- ABOUT THIS TASK: Within the listing below, give again exactly the lines between the one containing "HAPIU Rayon from" and the one containing "Crépi taloché extérieur", inclusive, pictures left aside.

- DATA UNDER STUDY:

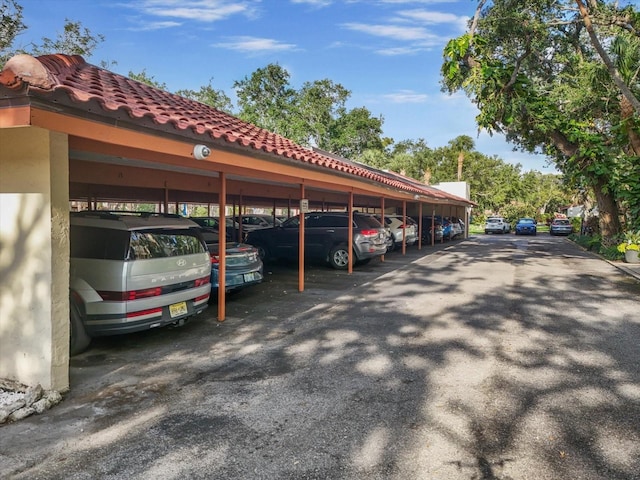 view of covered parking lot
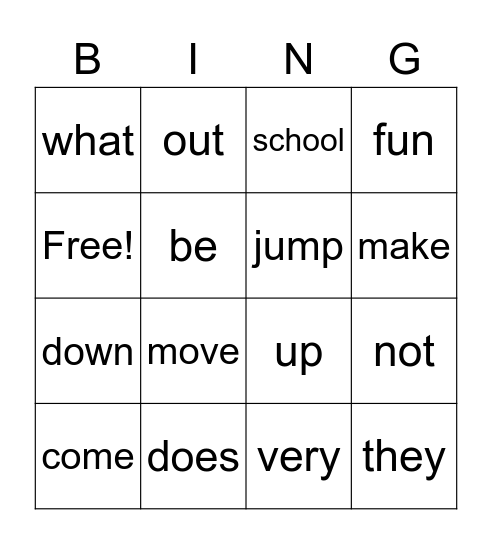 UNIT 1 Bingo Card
* * *
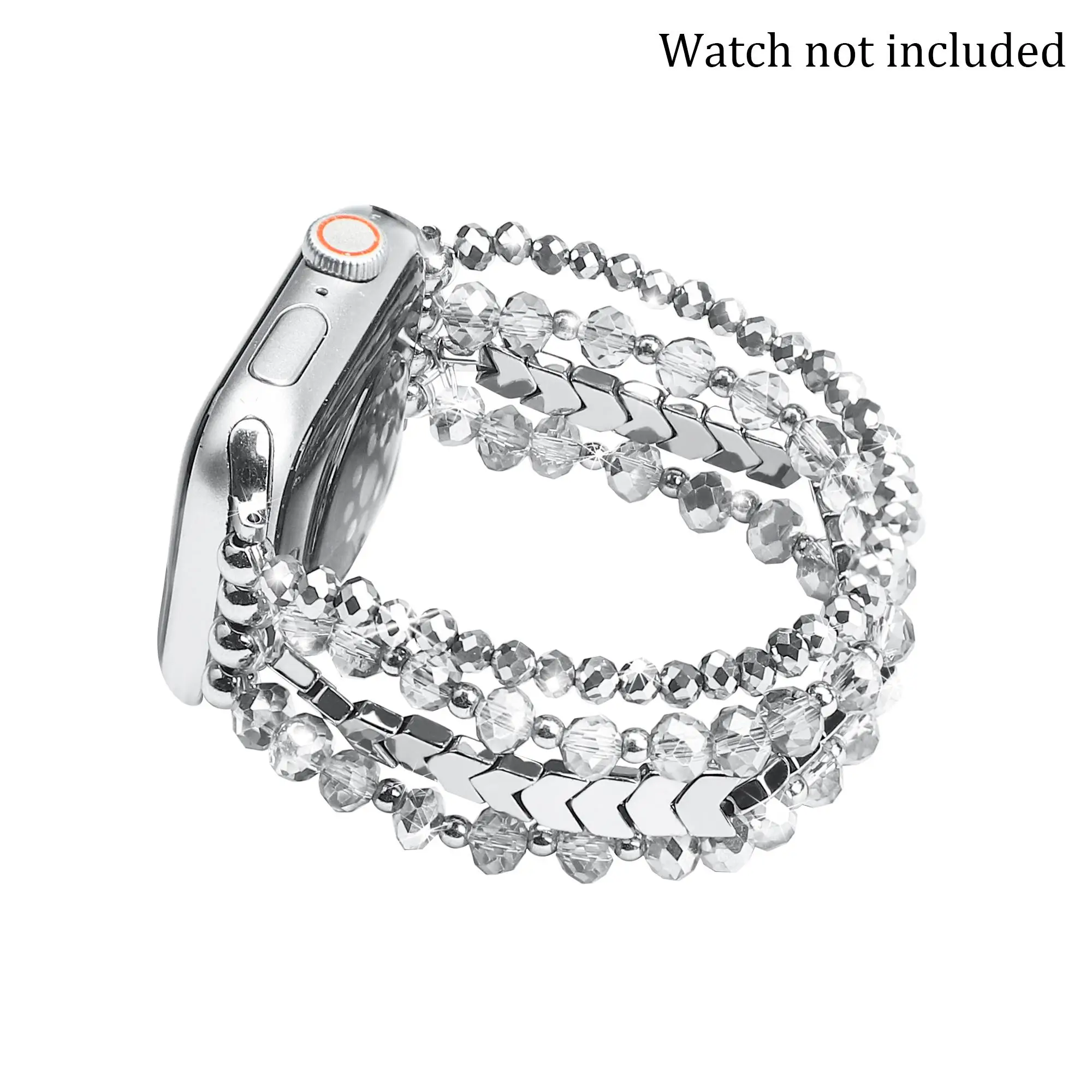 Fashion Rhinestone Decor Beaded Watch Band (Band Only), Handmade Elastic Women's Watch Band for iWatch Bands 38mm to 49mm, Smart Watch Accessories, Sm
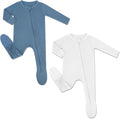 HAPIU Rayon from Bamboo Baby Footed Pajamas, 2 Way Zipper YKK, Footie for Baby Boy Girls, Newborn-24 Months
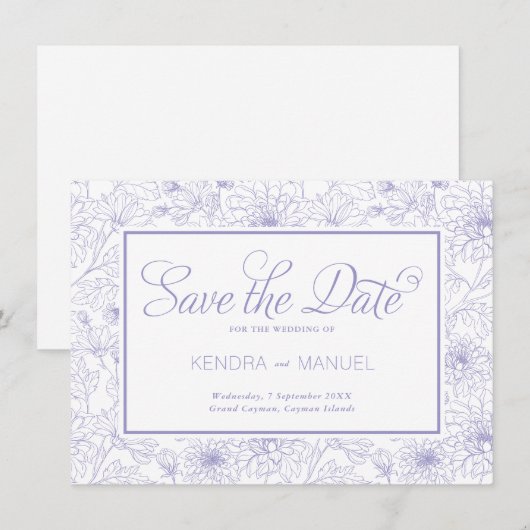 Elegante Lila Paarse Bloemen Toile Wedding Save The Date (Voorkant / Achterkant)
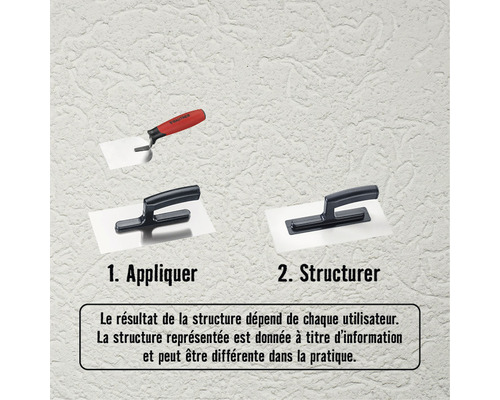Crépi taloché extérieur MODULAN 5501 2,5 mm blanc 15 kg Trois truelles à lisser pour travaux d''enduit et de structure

- WRITTEN SOLUTION:
 HAPIU Rayon from Bamboo Baby Footed Pajamas, 2 Way Zipper YKK, Footie for Baby Boy Girls, Newborn-24 Months
 Elegante Lila Paarse Bloemen Toile Wedding Save The Date (Voorkant / Achterkant)
Crépi taloché extérieur MODULAN 5501 2,5 mm blanc 15 kg Trois truelles à lisser pour travaux d''enduit et de structure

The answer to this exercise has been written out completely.